Vasefinder Nationals 2010
Exhibitor 99

Carol and Richard Selfridge

Edmonton, Alberta, Canada

Title: Chicken Romance Woodfired Creamcan Vase

Year of Creation: 2008

Glaze: Copper glaze, flashing slip, shino trailing

Clay Body: Helmer kaolin with feldspathic stones

Dimensions: Height 18 inches, Width 9 inches

Artist's Statement: Carol and I have been making pots for use for nearly thirty years and although we do other kinds of work as well, we are still challenged and fascinated with making functional pottery. In part, we have been influenced by other potters who saw function as a transcendent positive attribute of their ceramic work. We worked two summers in the late 70's with Harry Davis and while talking about the potter's life we discovered a curious linguistic anomaly. When we stayed with Harry in New Zealand in 1980, he told us the life of the potter was "mundane". With huge hue and cry, we said it was anything but boring (what most North Americans mean when they say mundane).

Oxford and he said it meant "of the earth". Latin mundus. On reflection, our work for the last several years has been dealing with the attempt to transcend and sometimes recapture the earthiness of common clay. Three territories we have explored: Majolica terra cotta, translucent porcelain and wood fired stoneware are all different ways of transforming raw materials into something useful beyond the ordinary.

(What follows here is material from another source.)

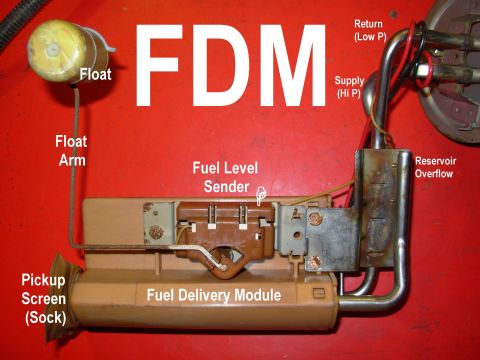 1983 Ford Bronco - As much of an improvement as the FDM system was over the previous EFI pump system, it's still subject to failures, mostly related to fuel v…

The Majolica presents both the formal (illusionistic) and the painted world with our recurring themes of nature in flowers, still life, figuration and mythology. The translucent porcelain is a man made material transformed by the fire to make a glass; a white ground for intense color and the carving and drawing of naturalistic motifs. Lastly, the wood fired stoneware are special pots that have "been somewhere" - they have experienced an extreme assault of ash and flame, a thermal wind that decorates them with scars and blushes where they have been touched by nature.

At their best they resemble a beautiful "found rock". By handling them in their domestic context, the user can sometimes connect with their naturalism. The "bizen style" tea bowl with it's feldspar inclusions is similar to a black granite rock spit from the earth and polished by nature. We are back then to the earth. We learn by handling clay how far it will allow us to take it. We are the instrument - it is the transcendent material. It is a constant challenge - anything but "mundane".